# Antrim incident



## cavedogg (Apr 7, 2005)

Well, I was up at Antrim for an hour or so today and was leaving when I saw somebody trying to fish, only to find a dog swimming right in front of where he was fishing with the owner across the lake (short side). So I waited for the guy and explained to him that he needed to respect the fishermen. Well, he proceeded to start cussing at me (I never cursed and was calm the whole time) and then he took a step at me. I'm 6'9 and weigh 250 lbs. so I advised him not to take another step and he didn't. I guess the frustration with that place and the inconsiderate people with unleashed dogs just got to me. Is there any possible way to get that place to have a leash law?!?!? Just wanted to share my story and frustration. BTW, no fish.


----------



## dnm (May 14, 2005)

I agree, people pay NO attention to anyone fishing. I love to run and walk and ride my bike down there, but I always pay attention to guys/gals fishing


----------



## BigChessie (Mar 12, 2005)

As owner of 2 waterdogs (hence my screen name) It always amazes me how people are willing to put their dogs at risk AND infringe on the rights of others. Everytime I see those dogs just running around up and down the bank, I can only cringe wondering how long it will take for something bad to happen. As a public fishing hole you can imagine how many hooks get dropped,lost or discarded right on the bank. I wish they had a law that if you want your dog to run free on the bank, the owner should have to do with him and be BAREFOOT. The other danger is the dog getting tangled into some braid and only two things will happen. 1) He has a chance of getting into it and it is snagged on the bottem causing the dog to panic and maybe drown. 2) If the dog gets some of it wrapped and panics and trys to run away from it, we have all felt the sting and burn from a running lining coming in contact with your hand or finger. Imagine a scared dog running with that stuff wrapped around his leg and it digging in to him. People just don't seem to think when it comes to parks like that. Don't get me started on the dogs that coming flying down the bank hitting my line or stepping on my poles.And then the owners just turn there heads and keep walking. I only fish up there during the winter when most dogs won't be playing in my swims.


----------



## crankus_maximus (Apr 14, 2004)

I agree with you Big Chessie.

Antrim is just a place waiting for an incident to really get people to notice. Either bad or good. I really hate going there when it's crowded for that very reason. Too many dumb people. Remember one thing...don't be mad at the dogs. They just have stupid owners.


----------



## flounder (May 15, 2004)

There is a leash law in Columbus and almost everywhere else. No one enforces it.


----------



## crappielooker (Apr 5, 2004)

as a dog owner and a fisherman, i would have to agree that its the owner's fault.. i know rover would love to go play in that water. but if there's someone fishing there, we will just move on.. i will never let him swim in that puddle in the first place.. maany many more places i can take him without a risk of being hooked and such..


----------



## BigChessie (Mar 12, 2005)

AK Rover is such a cool dog I would hate to ever hear anything happened to him. I have always known how great of a job you do taking care of him, but it is still nice to read it. lol Now let Robin come over and clean those teeth for you, she did Lucy's last night with no problems.


----------



## crappielooker (Apr 5, 2004)

ermmm.. did she lose any fingers in the process?? heh heh  
hey.. i'm sure he would really appreciate it.. maybe one of these day when we are out fishing by your house or something..


----------



## Reel Lady (Jul 4, 2004)

Rob and I were fishing a tourney at Mosquito a couple of weeks ago and were quite suprised to turn around and see this dog in the water swimming all around our boat! 
Didn't manage to catch any fish in this bay that the dog claimed as his own... lol


----------



## Warpath (May 23, 2004)

That City Council had named a few parks in the city as "dog-friendly" . I was hesitant about voicing my opinion about it when I lived in Columbus because so many owners do not have control of their animals. Maybe Antrim was one of the parks they named "dog-friendly" and a leash isn't mandatory unless you don't have control of your dog.

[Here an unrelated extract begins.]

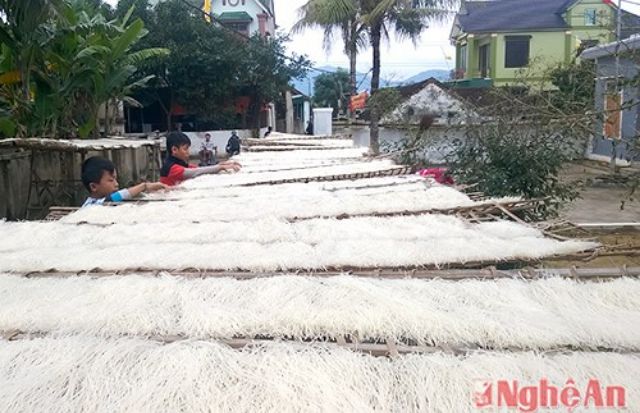 miến gạo sạch Nam Đàn (bún gạo)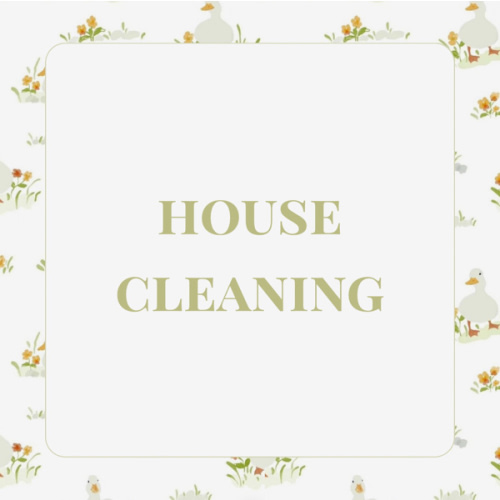 House Cleaning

I know my parents' dog would listen to my every command. He's been through obedience training and, though he doesn't listen to my folks a darn bit, he does listen to me. 

I was in A Lowe's the other day and noticed a man walking around with two dogs. I think they were Pekingnese, I'm not sure. It amazes me the places people take there dogs now. I have to say, this guy had those two dogs number. I bet they didn't move more than 3 feet from behind him, and they were constantly watching him to see where he was going next. It looked so comical, 'cause he was a big guy and these two little dogs that couldn't weigh 10 lbs. were right behind him.

Eric


----------



## misfit (Apr 5, 2004)

flounder,unless something has happened that i'm not aware of,the is NOT a leash law in columbus.the law states the dog must be "under control" of the owner.which means they should obey certain commands.this is what i was told by a city official,when i investigated the problem,personally.believe me,i spent hours on the phone a couple years ago,trying to get something done about the mess there.the head of parks said they were working on a solution,but it looks like they're not working too hard to find one  
i guess that's why i don't go there anymore either.i've had words with more than one disrespectful dog owner,as have a few others on this site   
the cops were even called one day i was there,but the dog owner ran into the woods and hid till they left


----------



## Rod&Reel (Jun 4, 2005)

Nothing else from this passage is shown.